▶ YOUR OBJECTIVE: Exactly reproduce the lines of the listing below from the one containing "Casa com 428m²" through the one containing "Capri pants". Skip the images.

▶ MATERIAL FOR THIS TASK:
────────

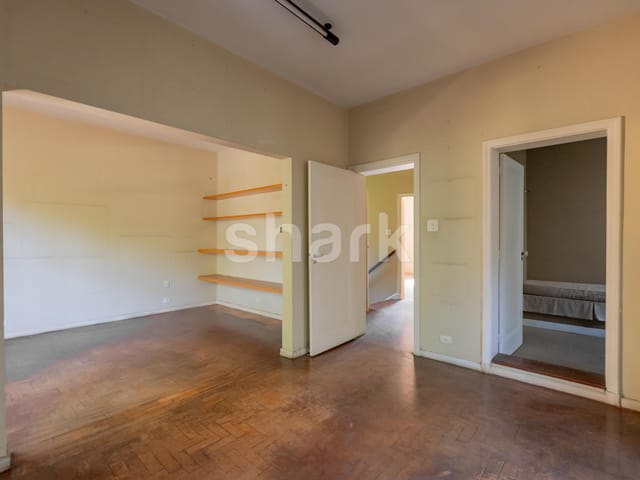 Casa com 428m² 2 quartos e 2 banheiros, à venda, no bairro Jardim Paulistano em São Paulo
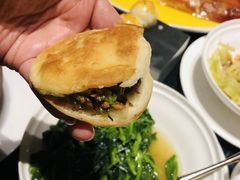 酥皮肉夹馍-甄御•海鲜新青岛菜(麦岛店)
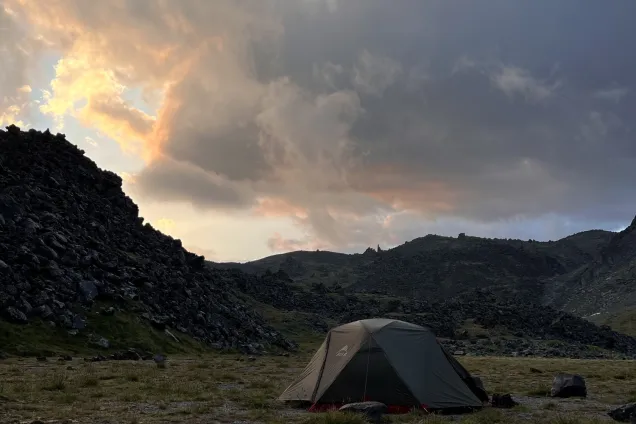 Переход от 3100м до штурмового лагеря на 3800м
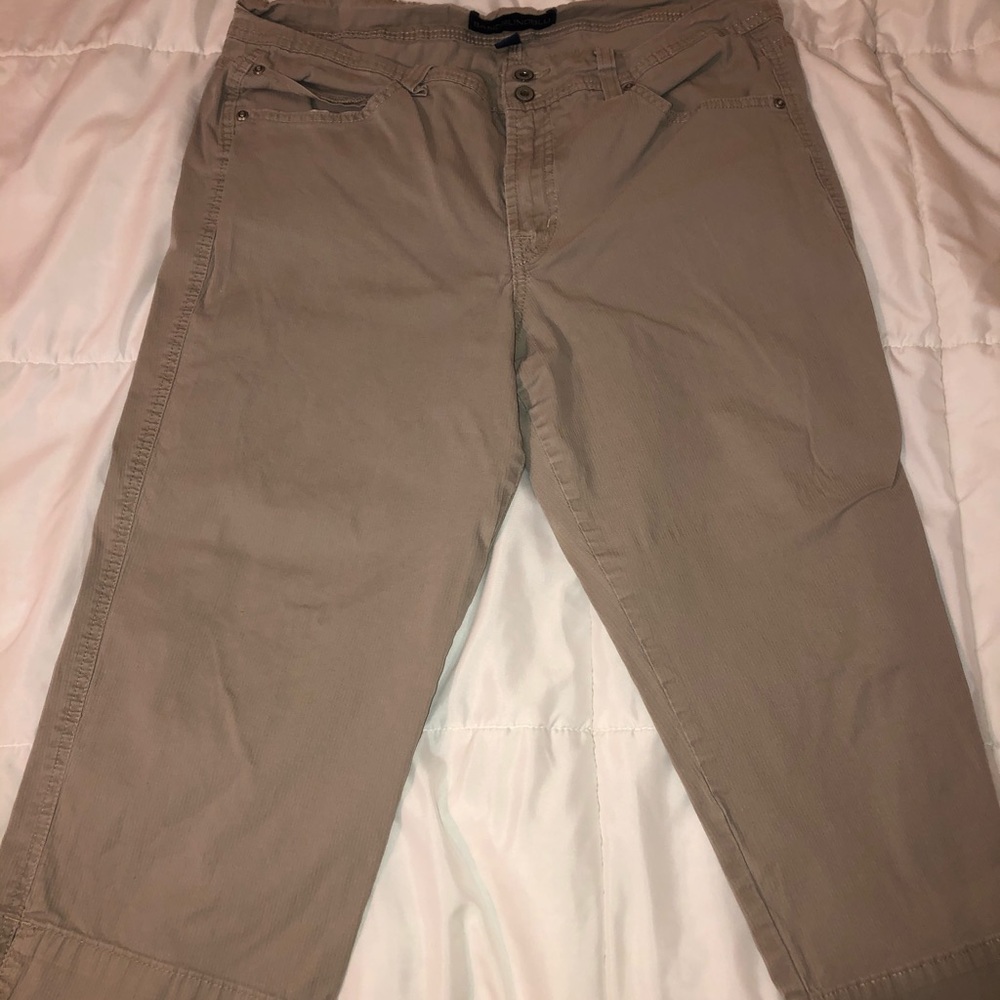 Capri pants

────────

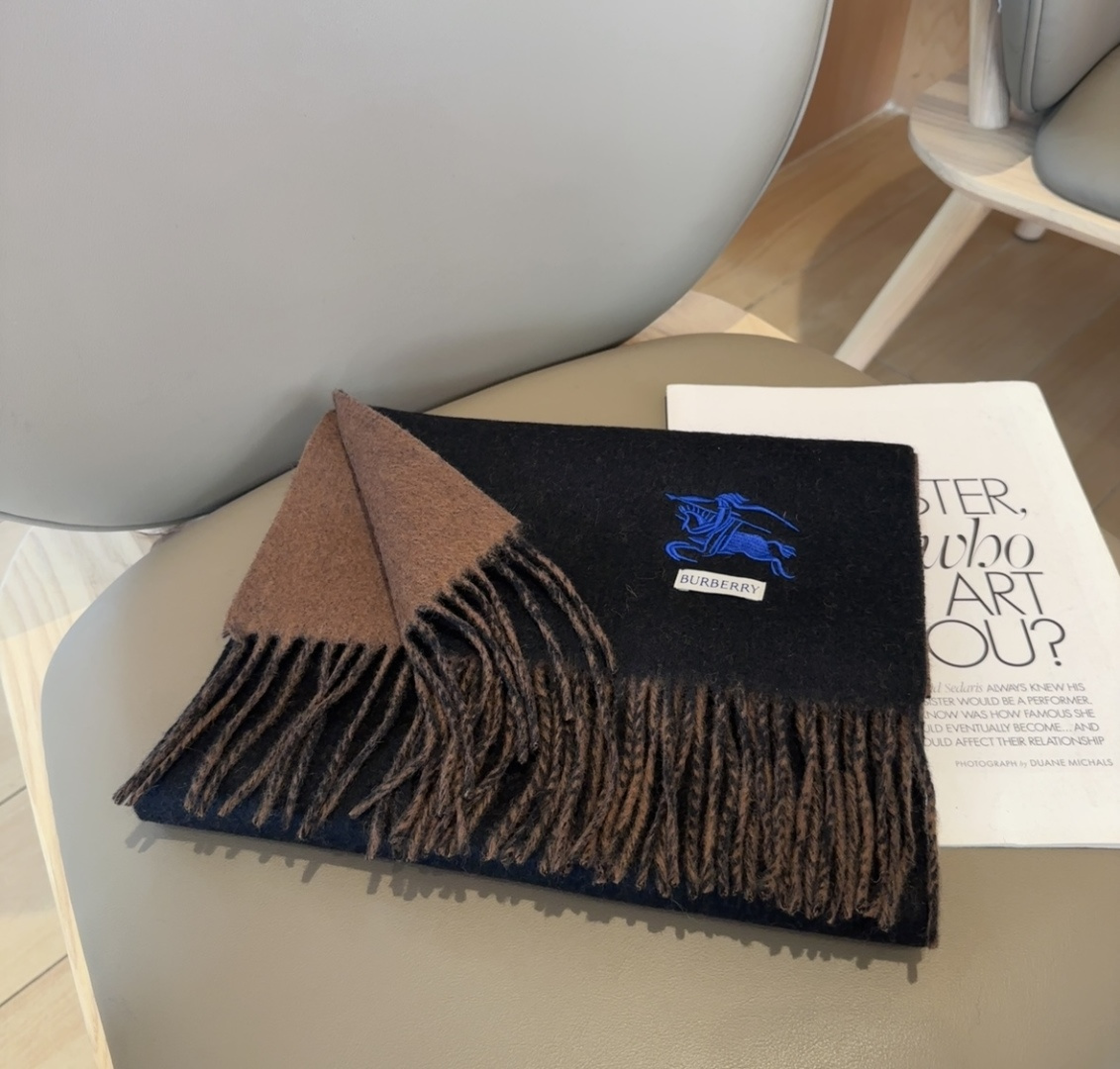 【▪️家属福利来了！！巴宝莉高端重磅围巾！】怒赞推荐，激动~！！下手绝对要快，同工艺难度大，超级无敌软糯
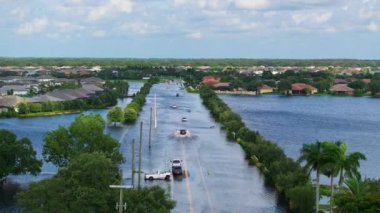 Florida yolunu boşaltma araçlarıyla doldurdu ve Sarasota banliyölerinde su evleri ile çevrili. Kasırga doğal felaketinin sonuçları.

────────

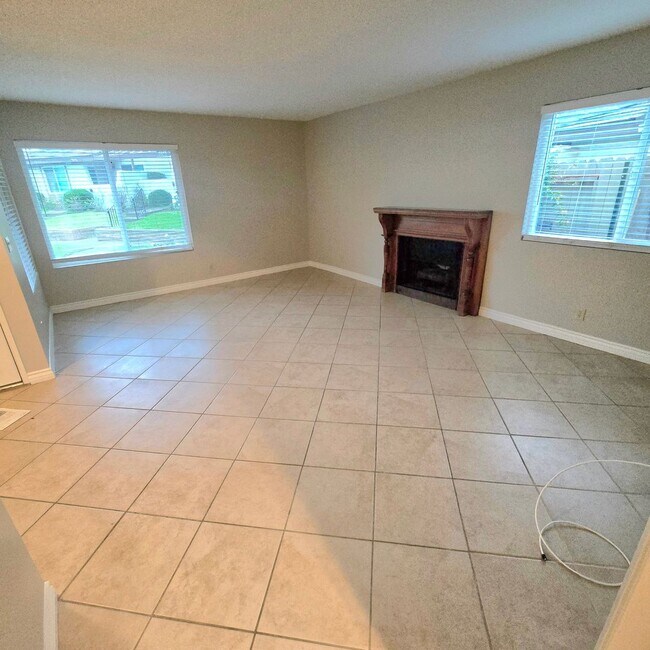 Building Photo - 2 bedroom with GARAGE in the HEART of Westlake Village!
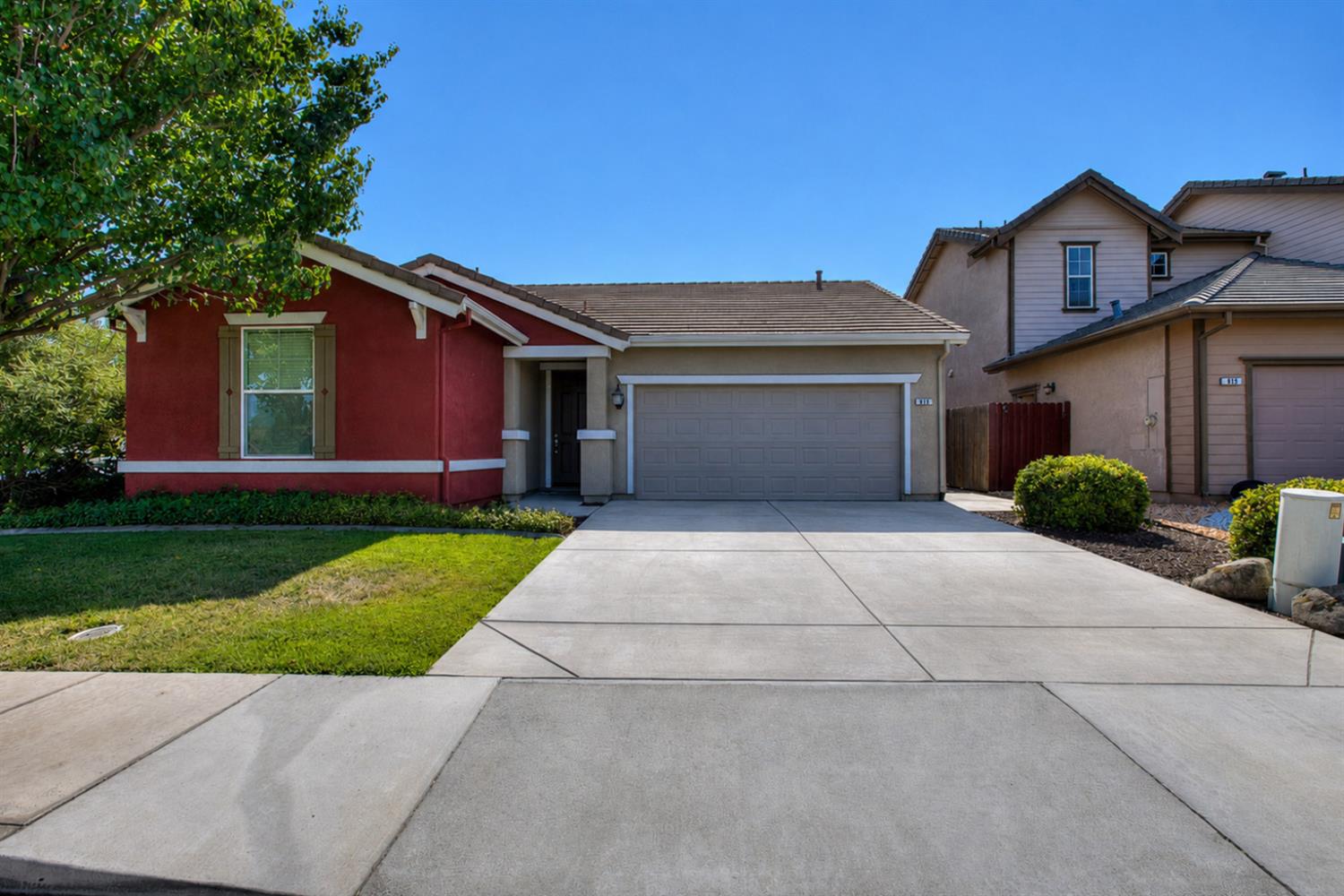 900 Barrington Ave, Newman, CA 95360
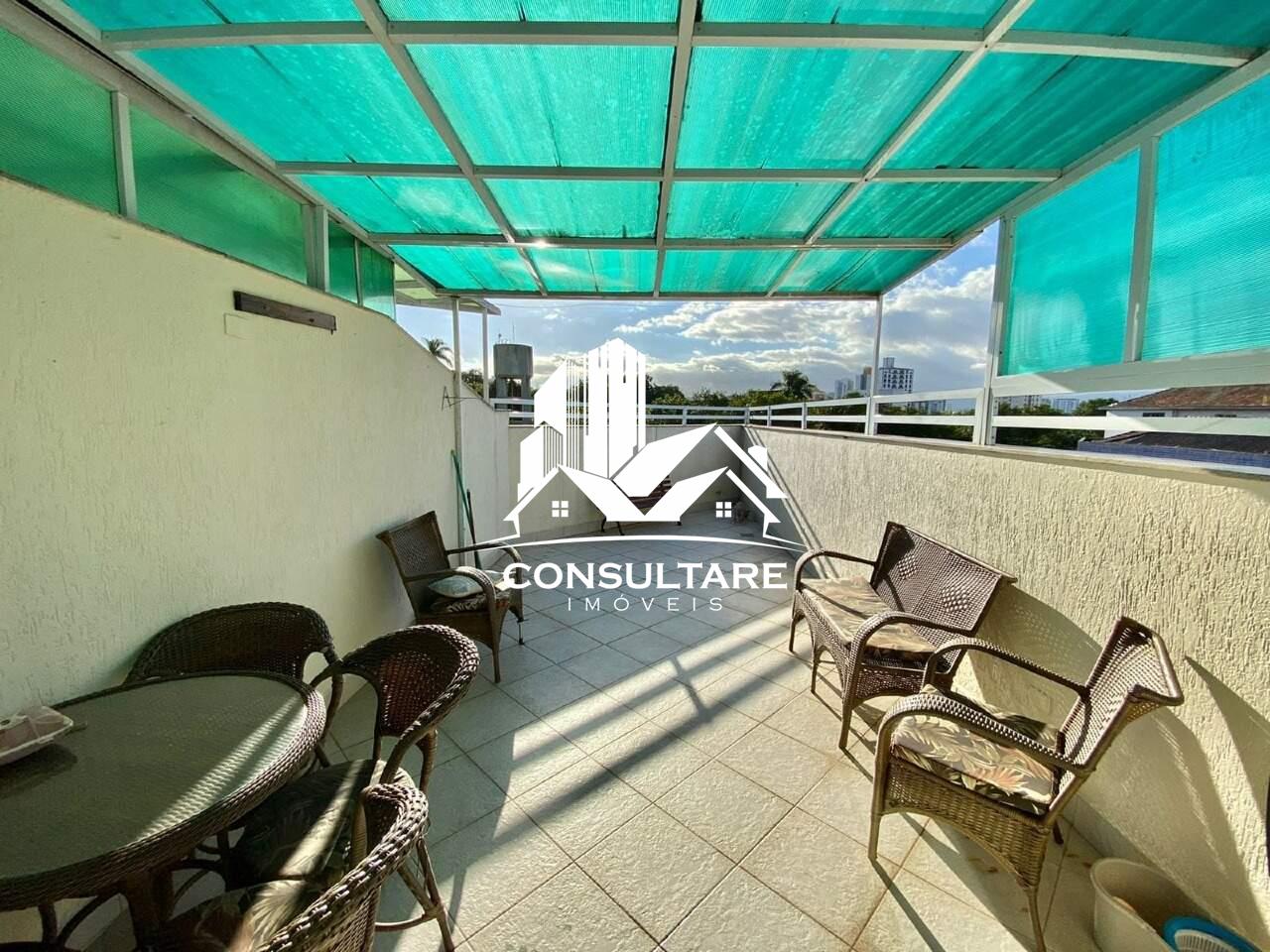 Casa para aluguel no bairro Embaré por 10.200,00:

────────

▶ SOLUTION FOR THIS PROBLEM:
 Casa com 428m² 2 quartos e 2 banheiros, à venda, no bairro Jardim Paulistano em São Paulo
 酥皮肉夹馍-甄御•海鲜新青岛菜(麦岛店)
 Переход от 3100м до штурмового лагеря на 3800м
 Capri pants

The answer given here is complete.